O desgaste que o Presidente da República tem tido nos últimos meses e anos é fruto da acção do actual ocupante do cargo, Cavaco Silva, mas é sobretudo consequência da época em que vivemos. Hoje em dia, a mediatização da política e o carácter imediatista que a informação tem, em consequência do que é o funcionamento em rede (web), associado ao frenesim da comunicação nas redes sociais, criam uma pressão sobre a política que causa um aceleradíssimo desgaste nos actores políticos.

É certo que Cavaco Silva tem as suas peculiaridades: não é um comunicador nato, tem falta de jeito para a mediatização, aparenta timidez para quem tem longa experiência política. Mas nenhuma das suas atitudes no exercício do cargo de Presidente esteve para além do guião constitucional do mais alto magistrado e árbitro do sistema político. Nem quando vetou leis e polemizou, por isso, com José Sócrates.
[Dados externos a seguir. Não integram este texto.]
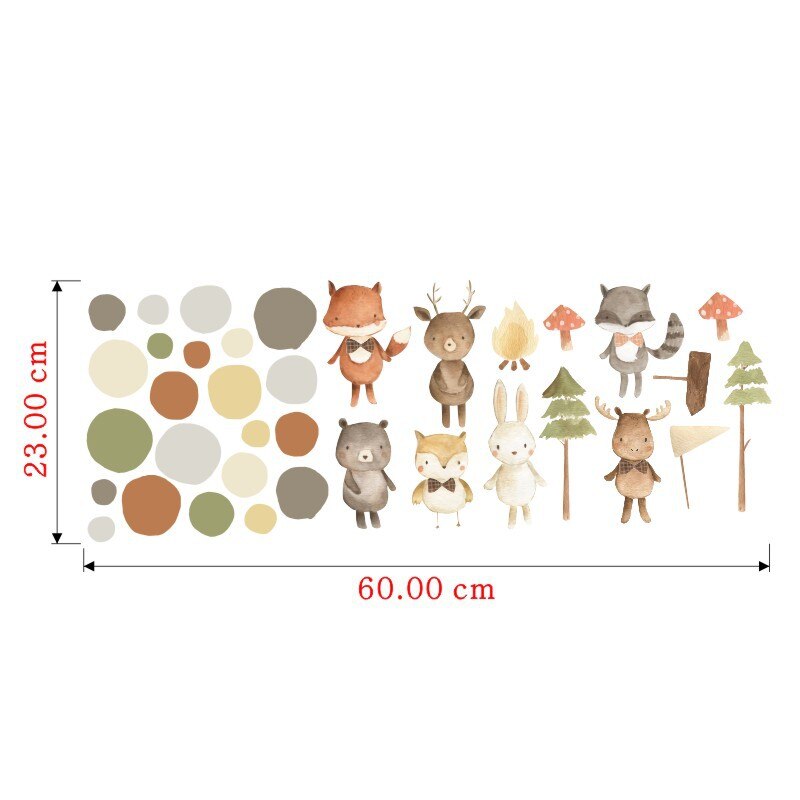 Balleenshiny Mooie Bos Dier Muursticker Kinderkamer Slaapkamer Achtergrond Decoratie Nursery Home Koelkast Kabinet Sticker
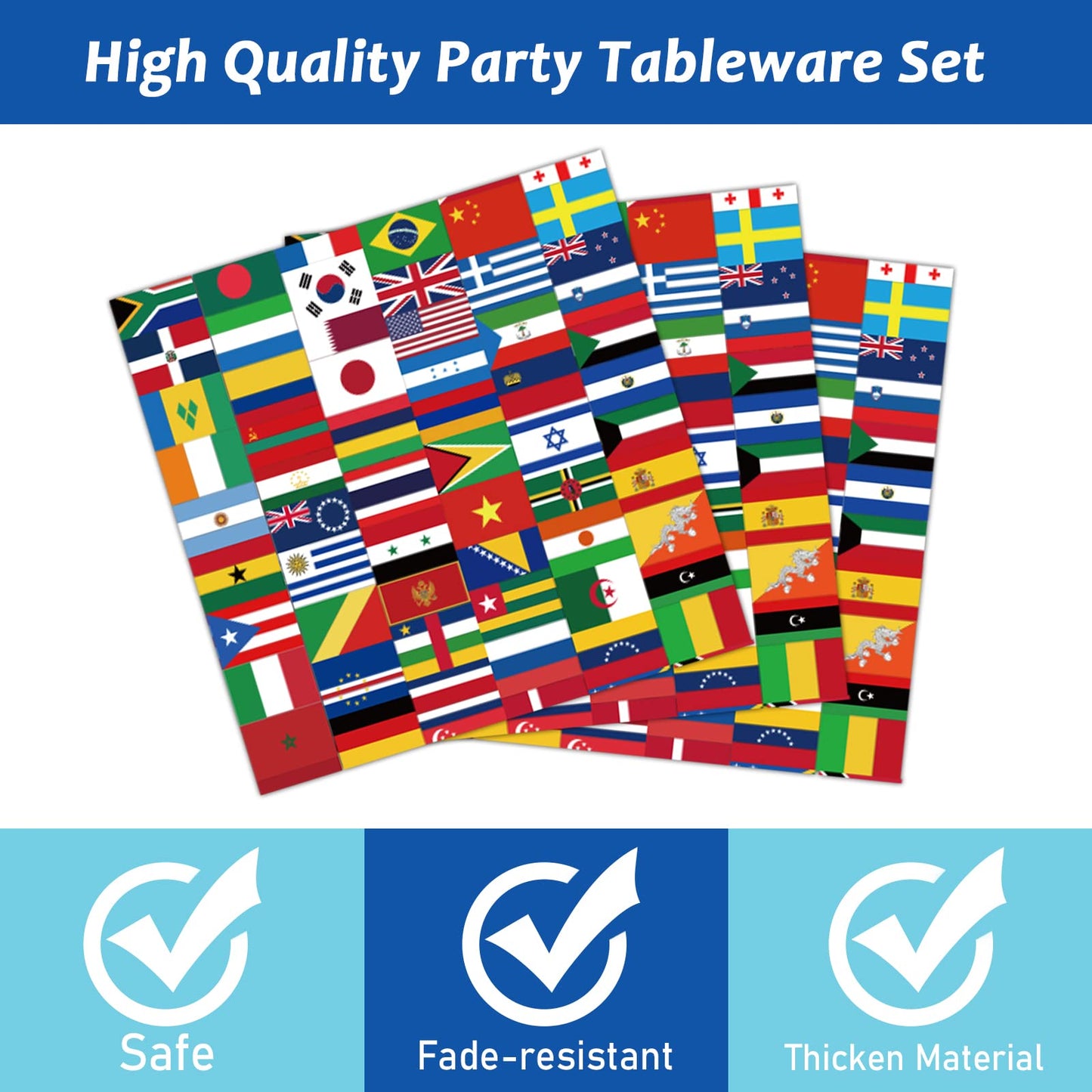 96 Pcs International World Flags Plates And Napkins Party Supplies Travel Trip Around The Globe Tableware Set Retirement Party D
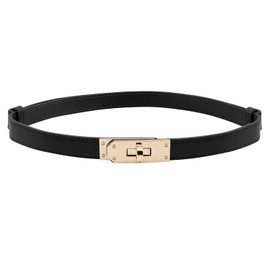 CHEERYMAGIC Skinny Leather Belt Women Solid Color Alloy Turn Lock Adjustable Waistband Thin Waist Belt with Metal Buckle for Pants Jeans Dresses Coat A2-NKXYD (Black)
Nem quando dissolveu o Parlamento após a demissão do primeiro-ministro socialista face à coligação negativa que chumbou o PEC IV na Assembleia da República. Nem quando tentou fazer uma grande coligação de governo que juntasse o PSD, o PS e o CDS. Nem quando procurou que o PCP e o BE ficassem fora do “arco da governação”.

Por muita que tenha sido a tensão política que, por exemplo, assolou o país após a crise da revogável demissão irrevogável de Paulo Portas, ou a que se viveu quando da queda do segundo Governo de Passos Coelho derrubado pela moção de censura da esquerda, em nenhum momento Cavaco Silva ultrapassou os limites constitucionais do seu cargo. E por muito inusitada que pareça a tensão, ela não ultrapassa o clima de confronto que se viveu já com outros presidentes.
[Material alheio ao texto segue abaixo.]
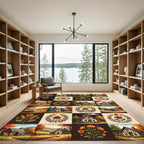 Autumnal Cottage Garden Floral Grid Rug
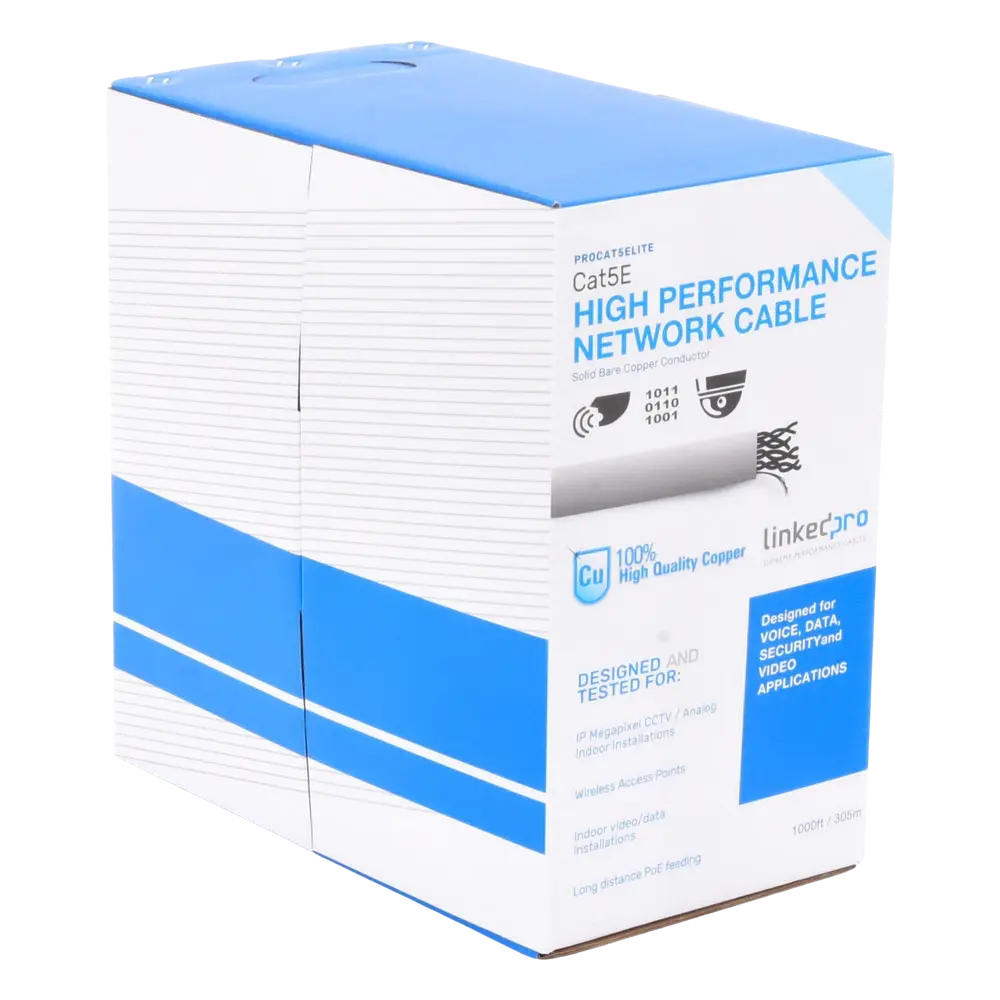 Bobina de Cable de 305 Metros (1000 Pies), Cat5e, 24 AWG, Color Gris, UL, para Aplicaciones en Videovigilancia, Redes de Datos. Uso Interior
Os presidentes portugueses eleitos em democracia foram todos interventores e todos fizeram questão de mostrar que tinham ideias próprias, autonomia política e respondiam pelo poder de quem tinha sido eleito com mais de cinquenta por cento dos votos em eleição directa e universal. Ramalho Eanes foi-o tanto que Mário Soares e Pinto Balsemão fizeram uma revisão constitucional contra ele e este acabou o segundo mandato a formar um partido político, o PRD.

Mesmo quando os poderes foram reduzidos, os presidentes não se sentiram limitados. Soares viveu em tensão com Cavaco, então primeiro-ministro, tanto que até organizou um congresso para mostrar ao líder do PS, António Guterres, o tipo de modelo a seguir nos Estados Gerais. A tensão foi tal que deu origem a momentos como o retratado numa primeira página de O Independente, mostrando Cavaco no Pulo do Lobo, no meio do Alentejo, afirmando não saber o que era o Portugal Que Futuro?
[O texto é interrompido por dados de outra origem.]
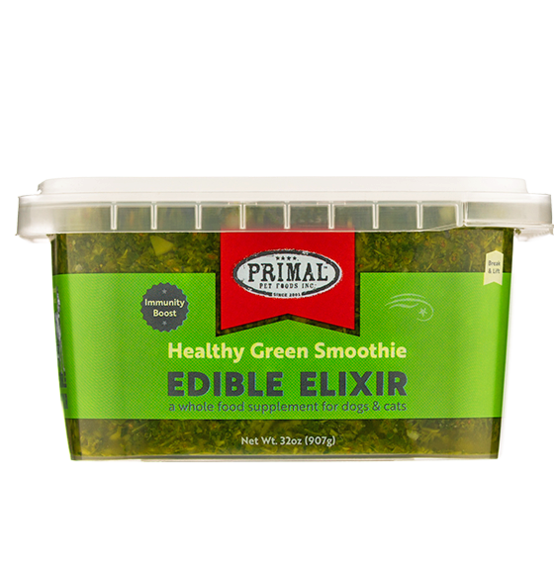 Primal Healthy Green Smoothie Edible Elixirs for Dogs & Cats, 32oz front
Já Jorge Sampaio acabou a dissolver a AR e a antecipar eleições, seis meses depois de ter aceitado substituir o primeiro-ministro da maioria PSD CDS, trocando Durão Barroso, a pedido deste, por Santana Lopes. Uma decisão que criou tensão no país, suspenso da decisão. Os jornalistas acamparam em Belém quinze dias para relatar audiências em cascata. No fim, Ferro Rodrigues demitiu-se de líder do PS em protesto contra o seu amigo Jorge Sampaio por este não ter convocado eleições.

Uma coisa é viver o momento, ver a história a acontecer à frente dos nossos olhos e as emoções que se exacerbam. Outra coisa é olhar para trás e lembrar o que resta na nossa memória pessoal, parcial e desfocada. E que apenas a história reconstituirá devidamente. Por isso, nem Cavaco é excepção, nem o órgão de soberania Presidente da República vai deixar de ser um actor central do sistema. Por isso, a sua eleição deve ser o centro de todas as atenções e cuidados.